Foreign investment was the main driver of this
growth, which is reflected in Basildon's case, by the establishment
of large multi-national companies. Basildon had a mostly branch
plant economy which did not establish a demand for skilled labour
and is reflected in the current low skills levels in Basildon.
The labour force was moved out from the derelict London Docks
and redeployed within the large industries of Basildon.
During the 1970s there was a slowdown in growth
as the process of de-industrialisation started. There was also
a lack of new investment, from both within the UK and from overseas,
and, consequently, the recession at the beginning of the 1980s
was mainly manufacturing led and hit New Towns hard. Basildon
suffered greatly due to its heavy reliance on foreign owned manufacturing
Since the early 1980s recession, the manufacturing
sector has never gained any substantial growth, although this
was compensated to a certain extent by the growth in the service
In the last 10 years the process of de-industrialisation
has had significant effect on restructuring the local economy
in Basildon. A large number of the multi-national companies have
either closed or down-sized resulting in nearly 6,000 job losses
and has left a low- to semi-skilled work force having to find
new employment in the growing tertiary sector, often in low-paid
and part-time jobs.
The legacy of the concentration of attracting
multi-national investment in the formative years of New Towns
has had the long-term impact of drawing the focus away from supporting
indigenous companies to grow and innovate, and created a lack
of demand of skills from local employers. The lack of employer
demand of minimum skills entry level to the labour market has
resulted in a sustained low skills level amongst the younger population.

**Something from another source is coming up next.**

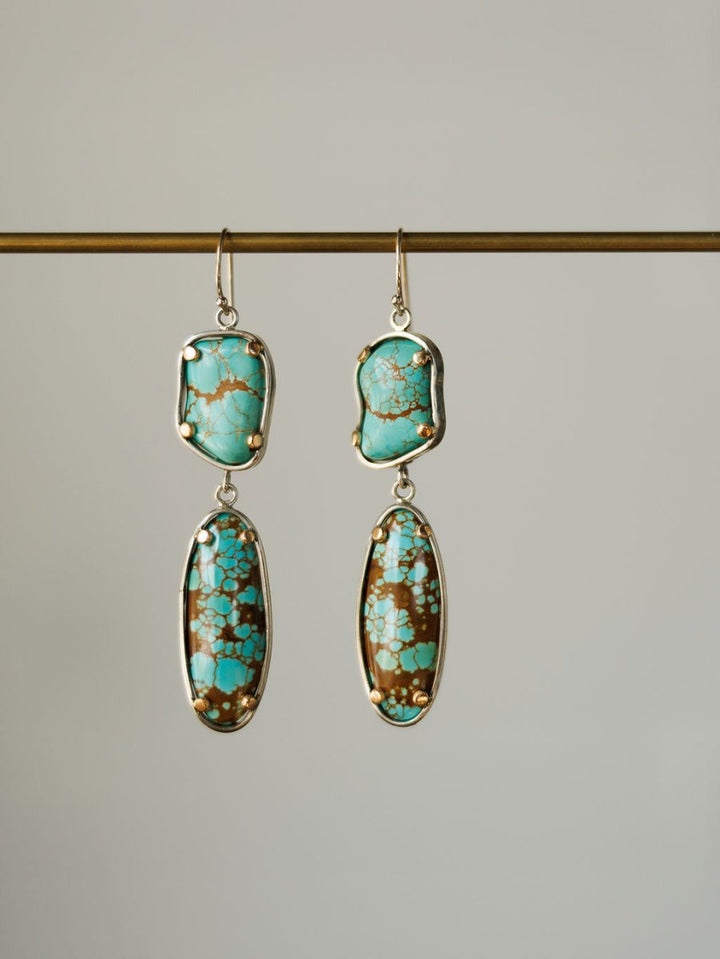 The Taos Earrings by Savannah Sevens western life{&}style feature sterling silver and irregular Number 8 turquoise stones with brown and gold matrix, set in silver frames and displayed against a plain background.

In addition, New Towns serve as dormitory overspill
towns around the major conurbations and they have not succeeded,
in economic terms, of developing a local sustainable economy free
from the influence of nearby conurbations. This results in significantly
high levels of out commuting, which not only puts pressure on
the transportation network, but also has resulted in a skills
drain out from the New Towns as residents seek greater employment
prospects and greater salaries elsewhere. This is most prevalent
in the London ring towns, including Basildon.
To again become the driver for economic growth
in the region New Towns must encourage entrepreneurship and innovation
amongst small indigenous companies to drive up the skills demand
from the private sector and enable economic growth.

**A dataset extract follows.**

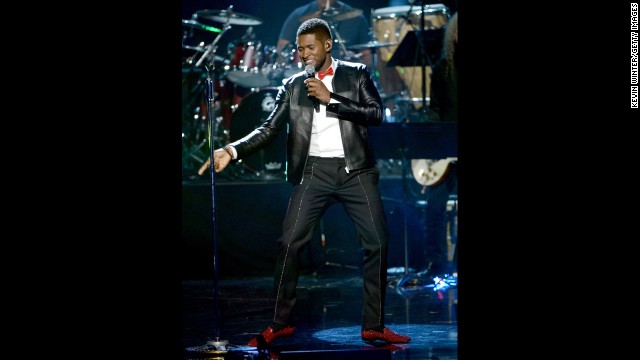 Usher performs onstage.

5. Whether the Government should change
its policy in respect of design, regeneration and social inclusion
in the New Town.
Regarding policies on design, it is felt that
adequate changes have already been made both to best practice
(on urban design, sustainable development, residential layout
etc), and greater support for more detailed master plans as set
out in the Planning Green Paper.
One approach currently being adopted in Basildon
is the Gardiners Lane South Master Plan. English Partnerships,
the principal landowners of the site are the lead agency and have
established a project partnership with the Council, the East of
England Development Agency and Thames Gateway South Essex, to
work collectively in preparing a master plan, and subsequent implementation,
for a new high quality urban business quarter. This approach will
use a master planning workshop in the summer, bringing together
all stakeholders including local residents and the business communities.

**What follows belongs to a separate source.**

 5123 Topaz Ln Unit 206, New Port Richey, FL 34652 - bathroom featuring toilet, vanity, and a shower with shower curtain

Key to the future success of the project, however,
will be down to properly integrated detailed work on the master
plan itself with a feasibility and viability assessment; an implementation
strategy; a transport strategy that looks at not only movement
within the site and immediately adjacent, but at strategic public
transport routes; and a relocation strategy for existing occupiers.
Underpinning all of this is a design-led approach, which will
adopt the latest principles of urban design, streets for people
and sustainable development and set rigid design standards.